### REQUIRED WORK
Start the copy at the line holding "Miniatura 13 de" and continue it exactly through the last line of the entries, leaving out pictures and anything else.
- - - - - - -
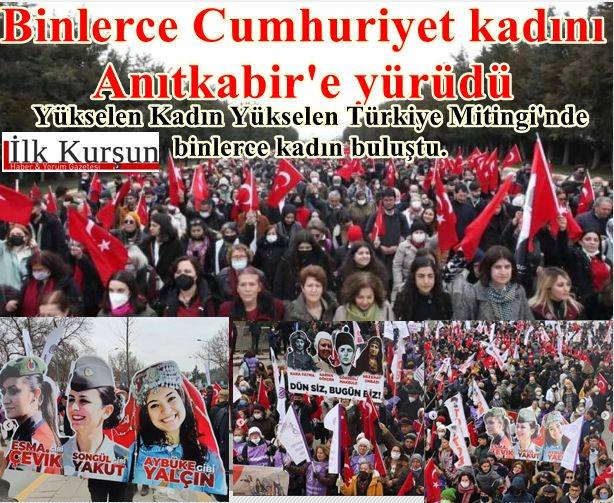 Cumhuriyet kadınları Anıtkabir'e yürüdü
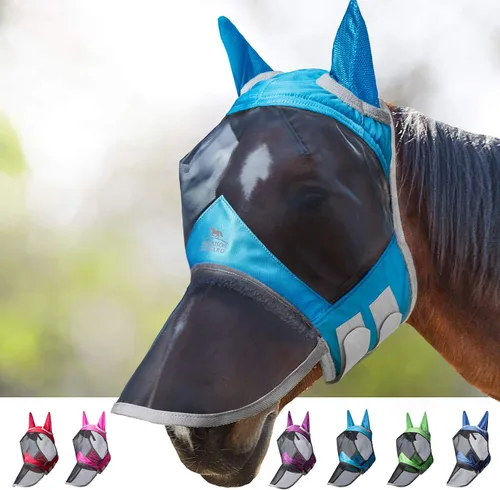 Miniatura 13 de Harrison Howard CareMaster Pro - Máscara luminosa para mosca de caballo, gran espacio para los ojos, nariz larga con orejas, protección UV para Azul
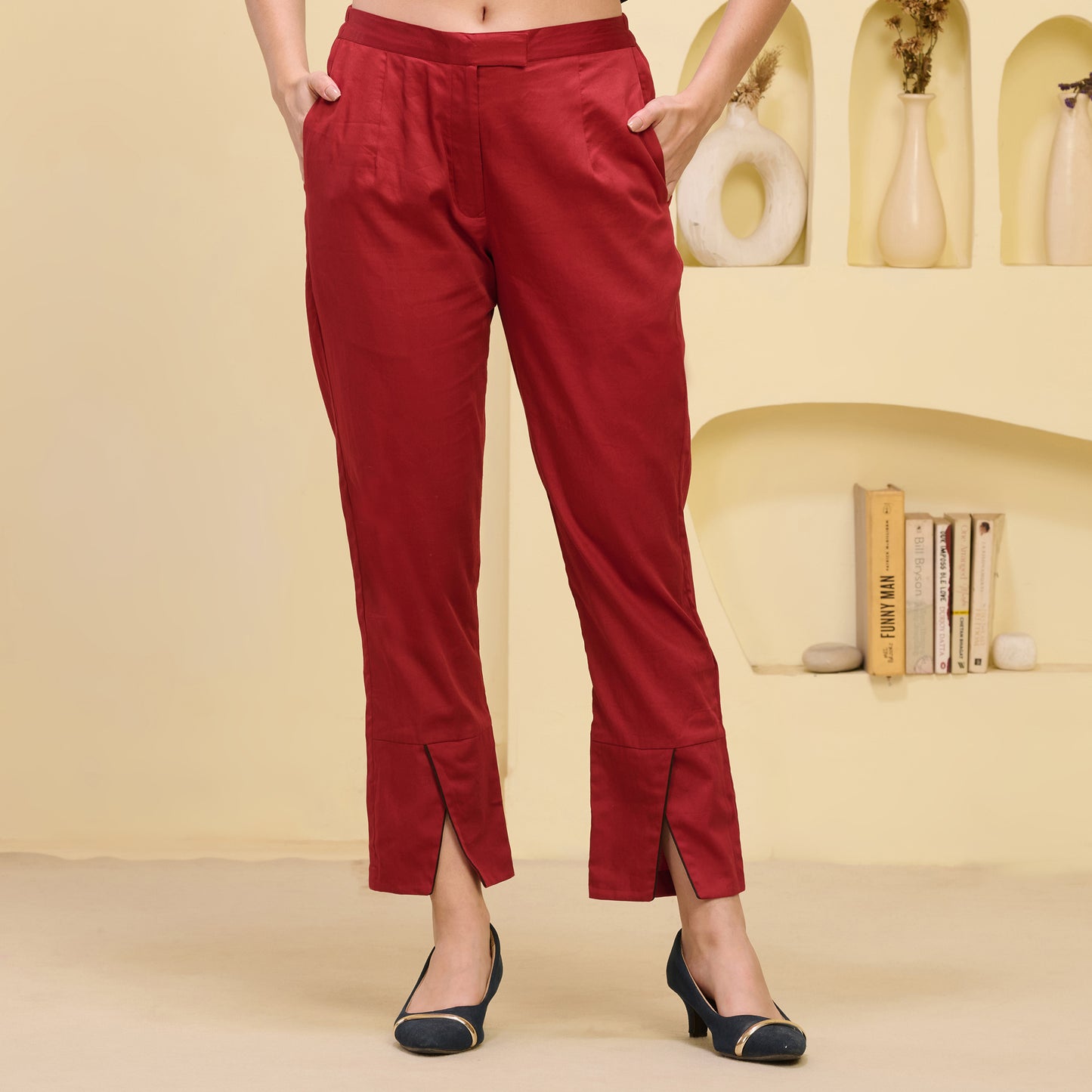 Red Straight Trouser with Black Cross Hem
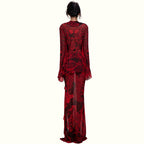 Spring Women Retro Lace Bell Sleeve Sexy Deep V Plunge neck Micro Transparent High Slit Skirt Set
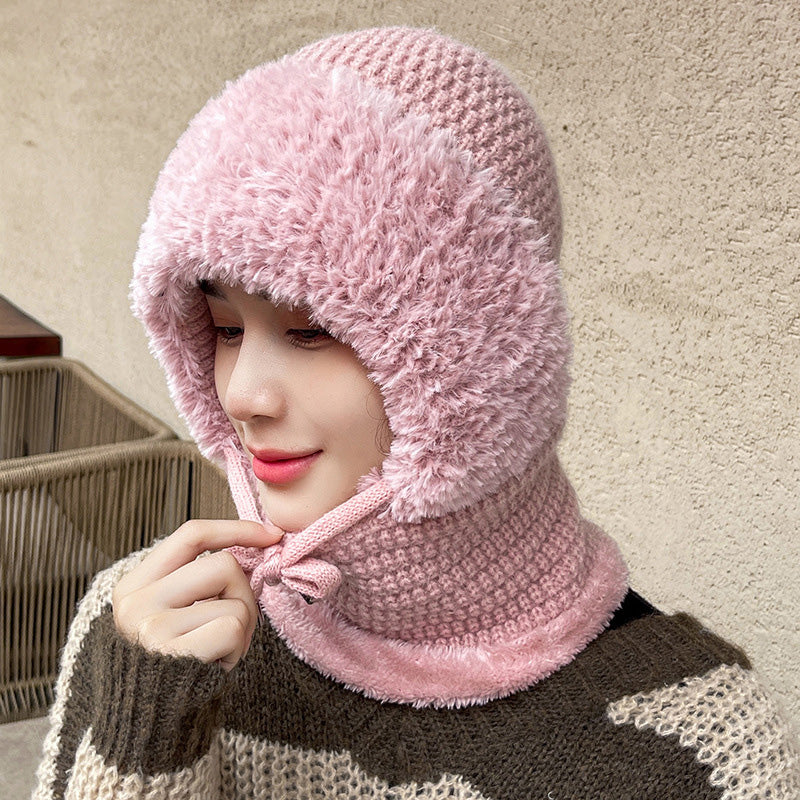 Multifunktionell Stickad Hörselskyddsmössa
- - - - - - -
### TASK RESULT
 Miniatura 13 de Harrison Howard CareMaster Pro - Máscara luminosa para mosca de caballo, gran espacio para los ojos, nariz larga con orejas, protección UV para Azul
 Red Straight Trouser with Black Cross Hem
 Spring Women Retro Lace Bell Sleeve Sexy Deep V Plunge neck Micro Transparent High Slit Skirt Set
 Multifunktionell Stickad Hörselskyddsmössa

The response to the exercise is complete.